You would have a hard time buying the claim that the cold you woke up with this morning was caused by sunrise as your cold started after the sun rose. Yet, you would probably assume that, if your doctor prescribed antibiotics for that very same cold and after a few days you felt better, that the antibiotics beat off the cold.

No, cause and effect have not been established. Your cold might have gotten better anyway. Just because you took the antibiotics and you felt better, doesn’t mean that these very same antibiotics worked wonders on a viral illness. There are many other examples in medicine: If a child happens to be diagnosed with autism after an immunization, the immunization did not necessarily cause this awful disease. If your chest hurts less after the third drink, this doesn’t prove that the chest pain is nothing to worry about; conversely if your chest pain improves with aspirin, it doesn’t always imply that the pain is from your heart. If you take Vitamin C and don’t get a cold like your buddies did, this does not prove that Vitamin C worked to prevent that cold.

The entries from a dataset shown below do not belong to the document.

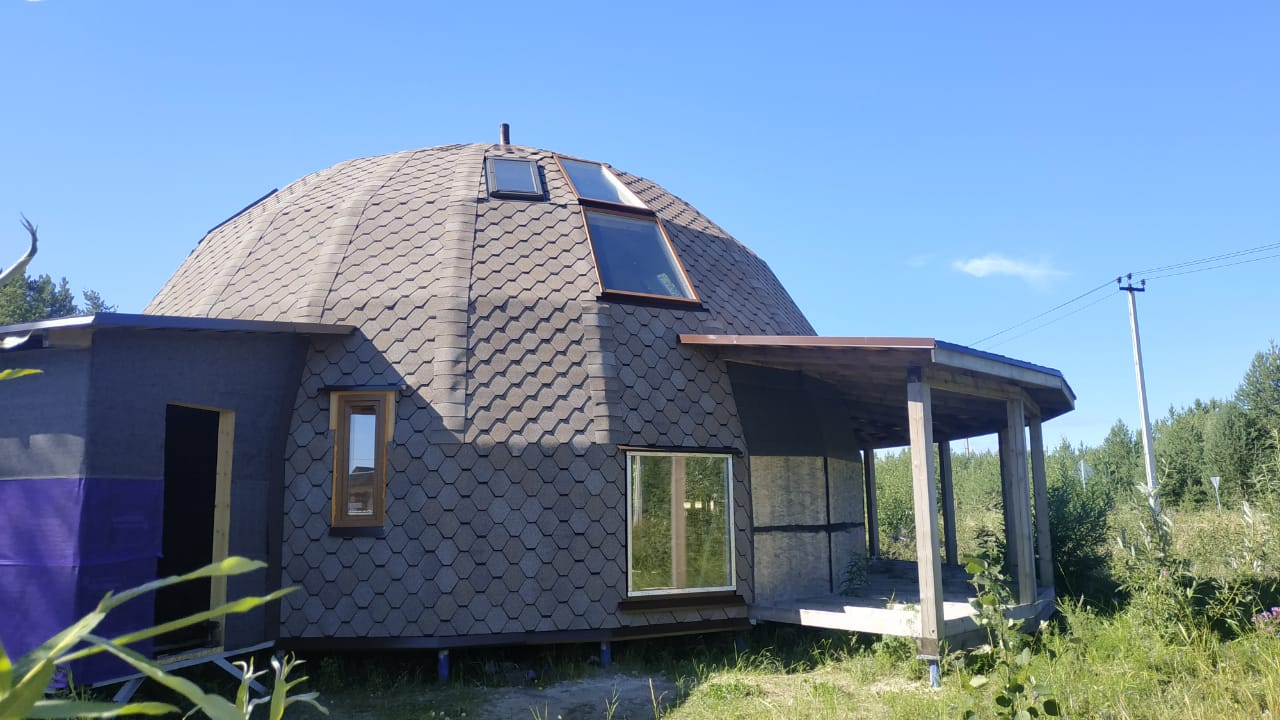 Бригада строителей из Сургута закончили монтаж панорамных и мансардных окон на Z12 в г. Белоярский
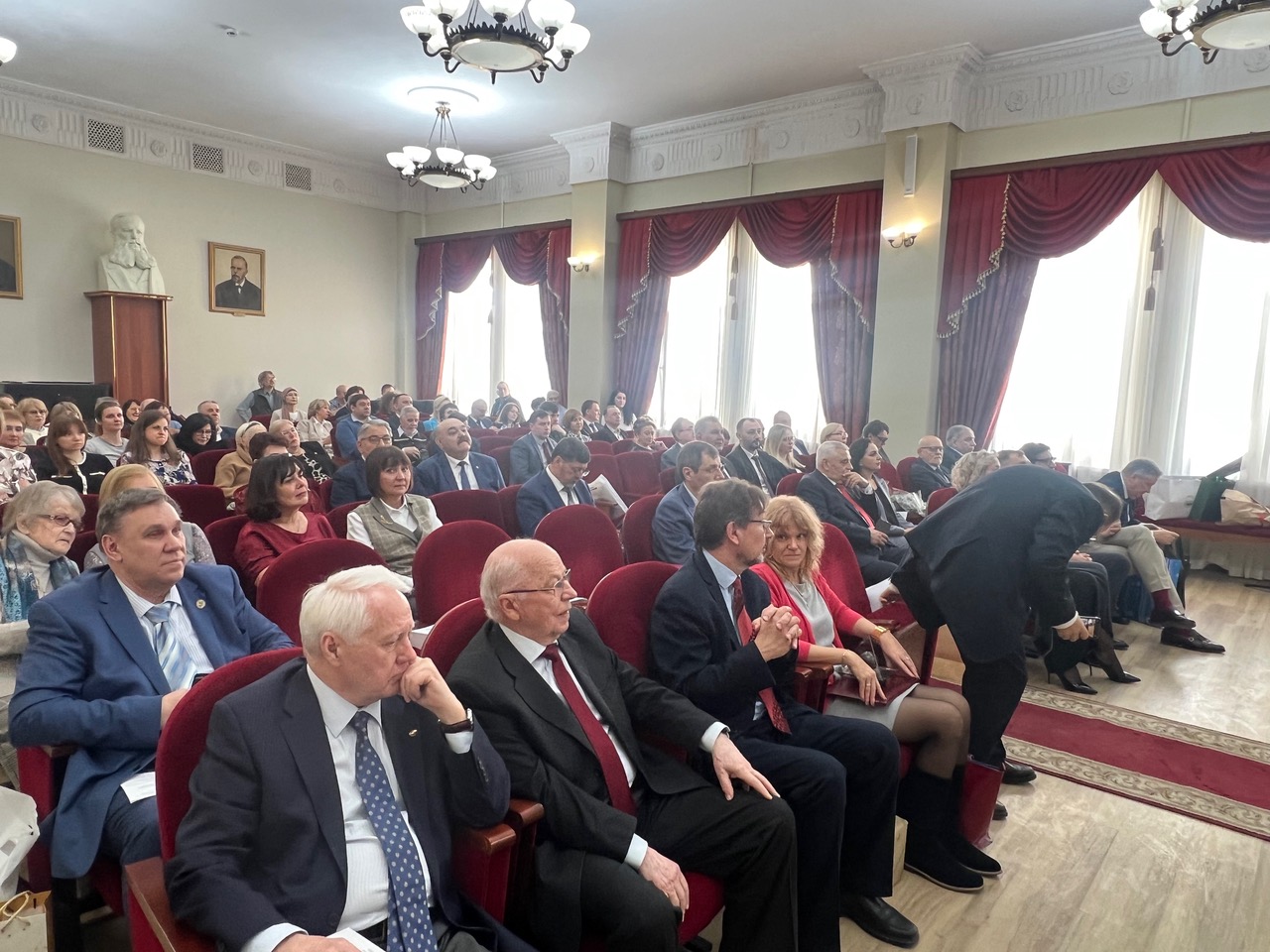 Владимир Кашин выступил с поздравительным словом на расширенном заседании Учёного совета Почвенного института им. В.В. Докучаева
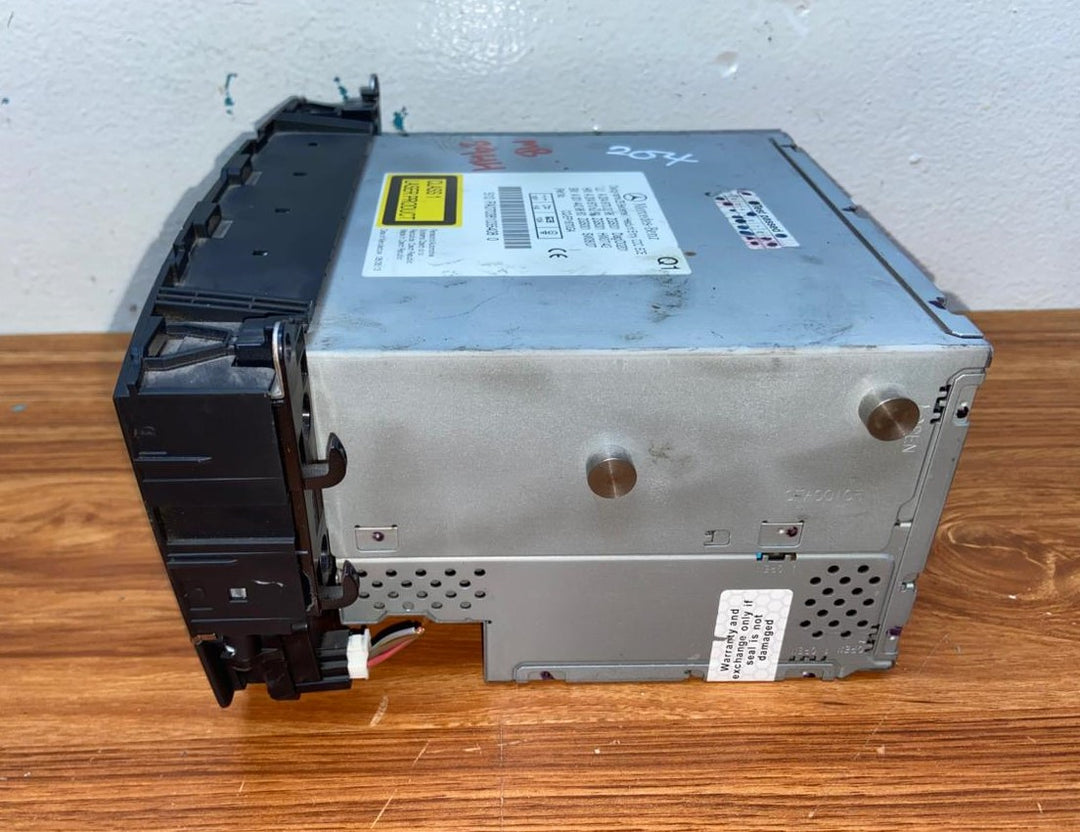 Mercedes-Benz Head Unit CD Player A2048700296 C-Class W204 OEM Radio Audio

To prove cause and effect, rigorous studies with enough subjects to be able to provide that statistical power are needed. Ideally, the study should be double blinded, which basically means that neither the patient nor the researcher knows whether dummy pills (placebo) or the real deal was administered. Why? If you believe something will work then you often feel better, regardless whether the medication actually worked. This is called the placebo effect.

What else is needed to prove a medication works? The study should be reviewed by other independent researchers who don’t work directly with the authors. It should be published so that others can review and perhaps try to repeat the findings.

Sometimes, anecdotal evidence ( cause and effect ) can be useful as a springboard for further research. For example. Parkinsons’ patients treated with Amantadine suffered fewer episodes of influenza. Did the Amantadine prevent influenza? Well, after years of research, it was shown that indeed Amantadine worked to prevent the flu.

Yes. it takes time and effort to sort cause and effect out. In the long run however, quality evidence is much better than just hearsay.